WHO TO CHOOSE
- BFF’s / lifers
- Dependable & Reliable. Trustworthy. Available. Financially able. Flexible.
WHO NOT TO CHOOSE
- Seasonal friends.
- Can’t get along with others.
AFTER I recorded today’s episode, I actually thought of another category entirely – people who YOU have been a bridesmaid / groomsman for. Maybe you wonder if you need to re-extend the invitation for that reason? Here’s the story line I come across often:
“Kristin & I were college roommates, and kind of keep in touch via Facebook. She asked me to be in her wedding two years ago, and I was one of 10 bridesmaids. Now I feel bad, like I need to invite her to be a bridesmaid in my wedding – even though I don’t really see her as that close of a friend. I already have 6 bridesmaids chosen for my wedding party, and don’t know what to do.”
No. No. No. If YOU don’t view someone as a lifelong friend, you do NOT need to feel badly about leaving them out of your wedding party.
This ties into another question that comes up A LOT, which is ways to honor those who ARE close friends, but just don’t quite make the bridesmaid / groomsman cut.
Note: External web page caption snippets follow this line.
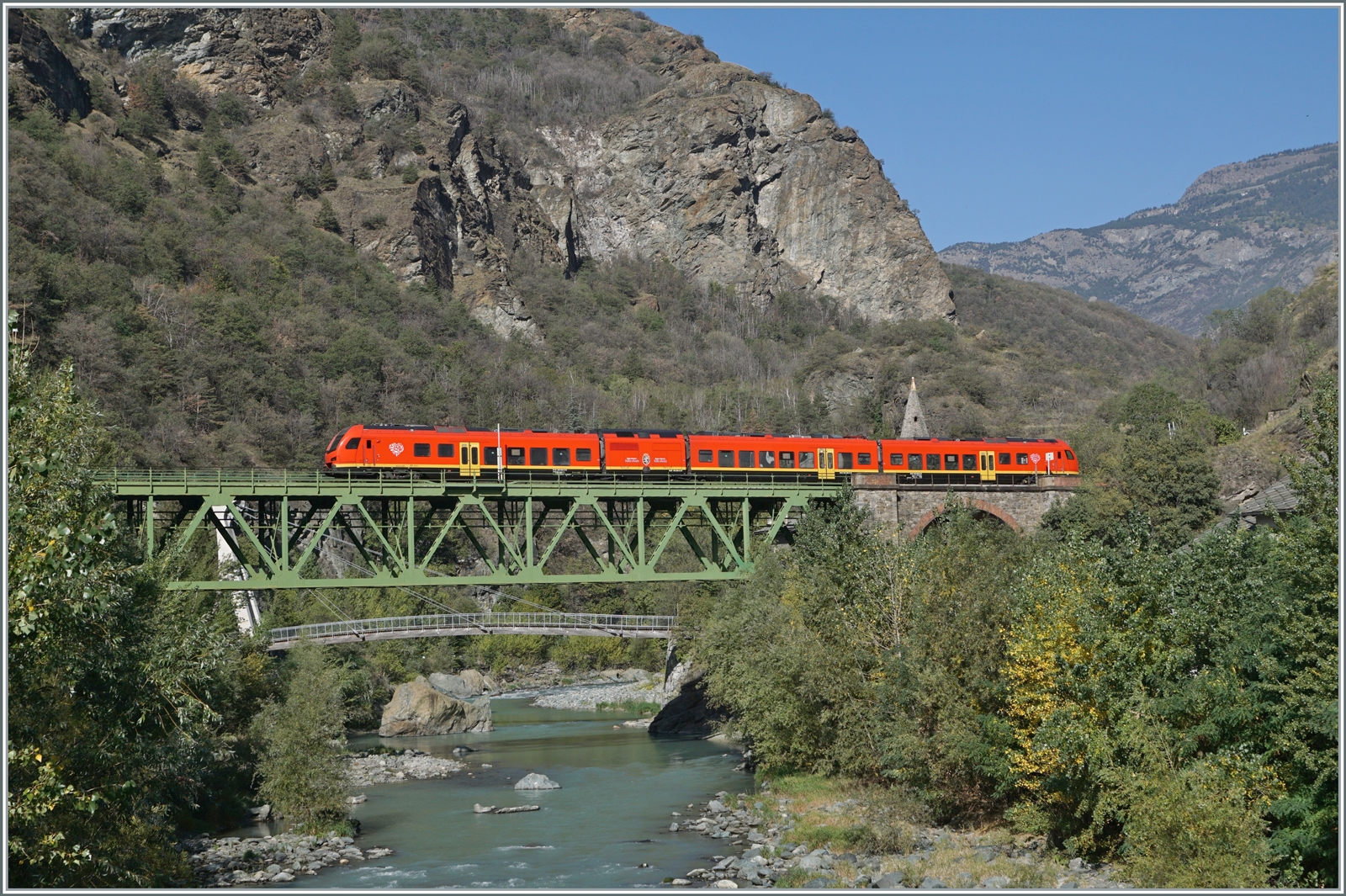 Sozusagen zwischen dem Mont Blanc und dem Matterhorn liegt das Aostatal und dort ist etwa auf halbem Weg zwischen Chatillon Saint Vincent und Verres ein bimodularer FS Trenitalia BUM BTR 813 als RV VdA 2722 von Aosta nach Torino Porta Nuova nach Aosta unterwegs und überquert bei Borgo den Fluss Dora Baltea. Die Brücke vor gut einem Monat entdeckt, fand ich dann bei der Suche nach einer Fotostelle rasch die Möglichkeit, am Ortsrand das kleinen Dorfes von Borgo eine Stelle zu finden. Erst vor Ort aber zeigte sich, dass die Vegetation weit mehr zugelegt hatte als mir lieb war und ich meine Fotostelle etwas Süden auf eine Brücke verlegen musste. Was das Bild nicht zeigt ist links ein Wasserkraftwerg und rechts die Autobahn.

11. Oktober 2023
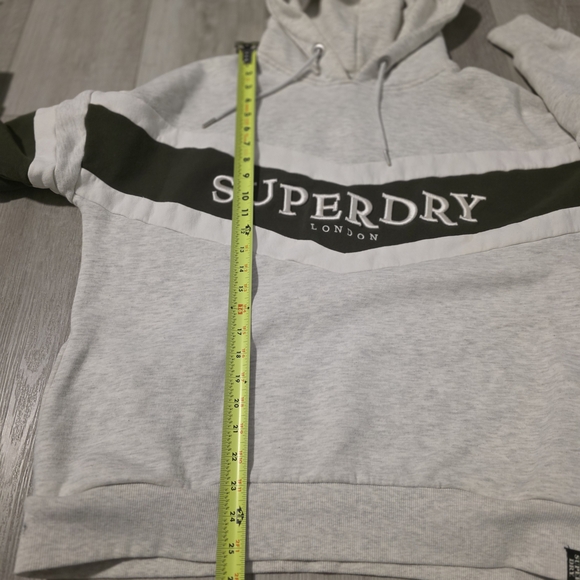 Superdry Light Gray and Dark Green Women's Hoodie - Picture 5 of 9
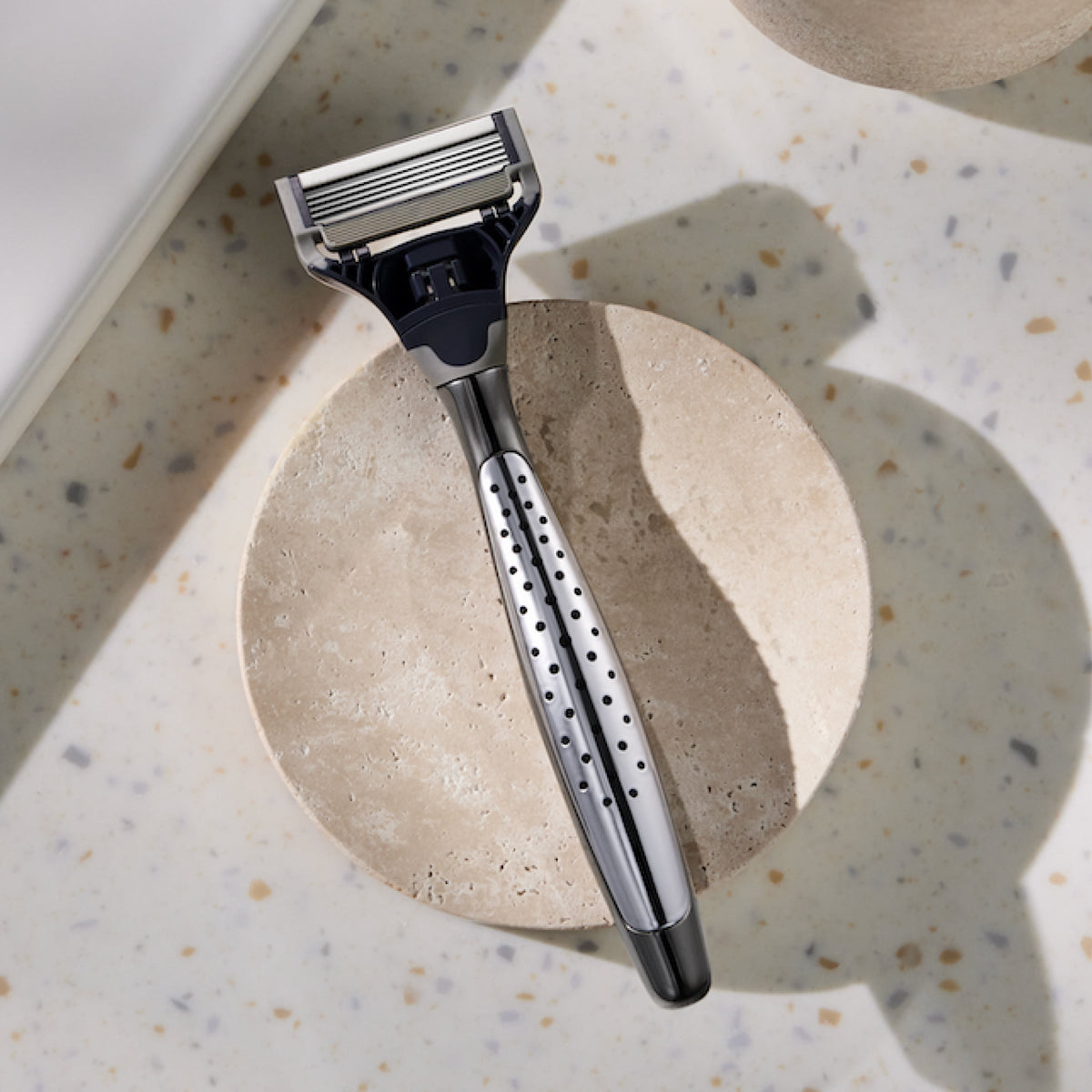 Harry's Chrome Handle / Chrome - Obsidian / Shave Cream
I did a full episode on alternate ways of including people who aren’t technically in the wedding party! You can have a listen by clicking this link, if you missed it:
WHAT IF I CAN’T CHOOSE?
Can’t decide who should fill the coveted Maid of Honor & Best Man wedding party spots? Split the honor, or don’t assign the titles at all!
A WORD ON FINANCES.
Being in the wedding party can be expensive. Be sensitive to this as you think about who you would like to invite to stand up with you.
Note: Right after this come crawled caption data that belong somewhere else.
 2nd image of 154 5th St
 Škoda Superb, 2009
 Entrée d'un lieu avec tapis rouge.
WEDDING PARTY TO DO: explain anticipated costs to everyone in advance. Give a general expected attire budget, share any necessary travel, etc.
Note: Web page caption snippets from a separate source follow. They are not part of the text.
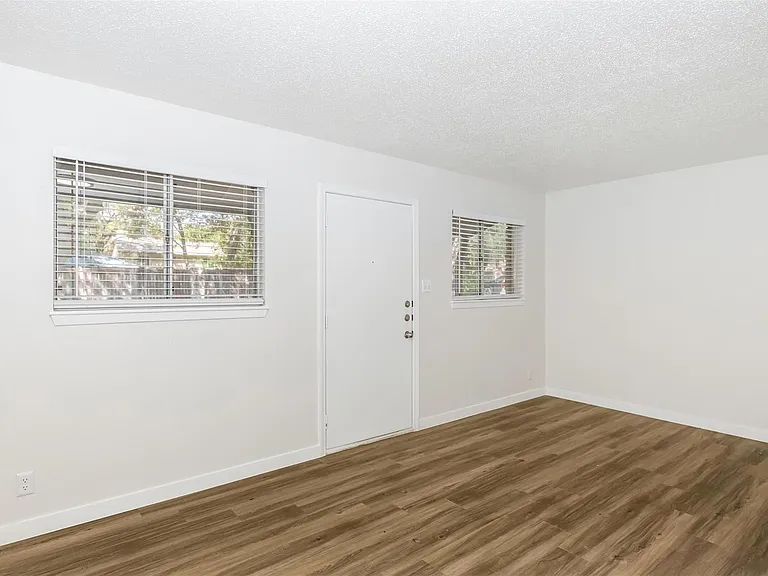 609 E 45th St #104 — Photo 5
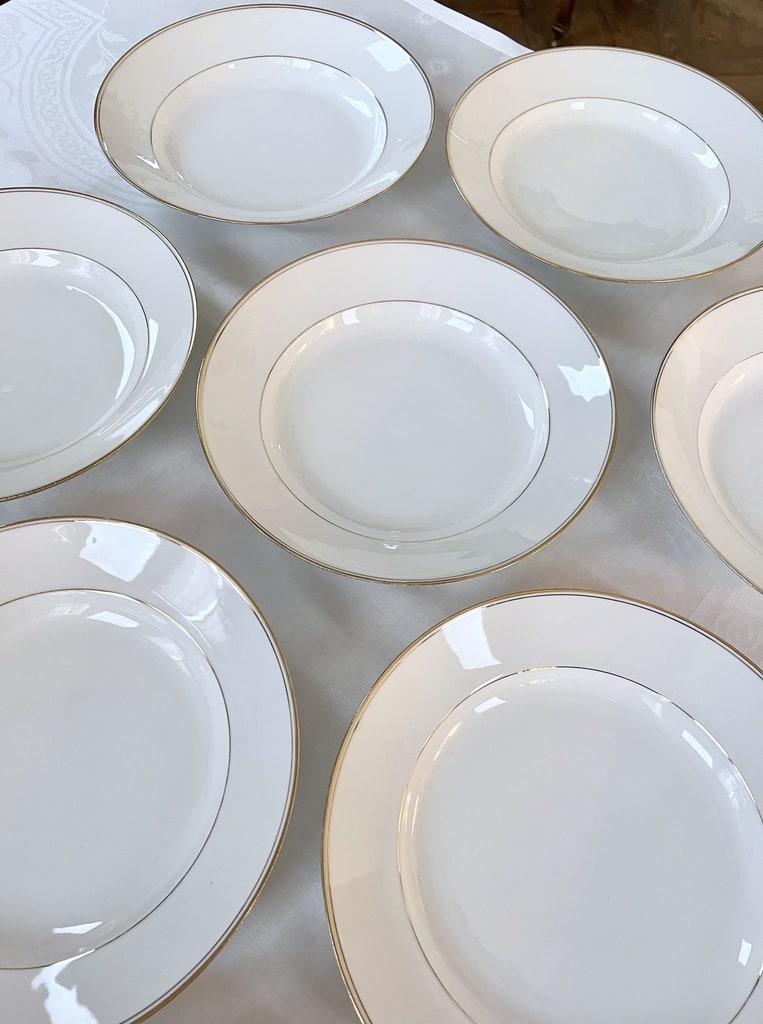 assiettes-en-porcelaine-de-limoges-blanc-et-or-vaisselle-ancienne-service-de-table-brocante-art-de-la-table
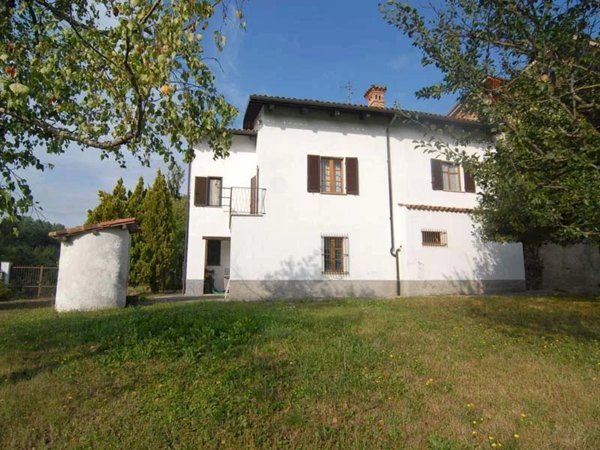 casa indipendente in vendita a Sale delle Langhe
Look, I’m going to be honest – disagreements & miscommunications happen within wedding parties all time. The good news is that you can control how quickly something is resolved by using proactive communication and keeping things in perspective. For more advice on this, tune in to today’s full show.
WEDDING PARTY TO DO: Ask yourself, is what I’m asking of my bridesmaid / groomsman realistic?
For example, am I asking Jessica to do a ton of craft projects even though I know she isn’t crafty at all? Or asking people to meet weekly at night, when someone has a new baby or is unavailable due to work?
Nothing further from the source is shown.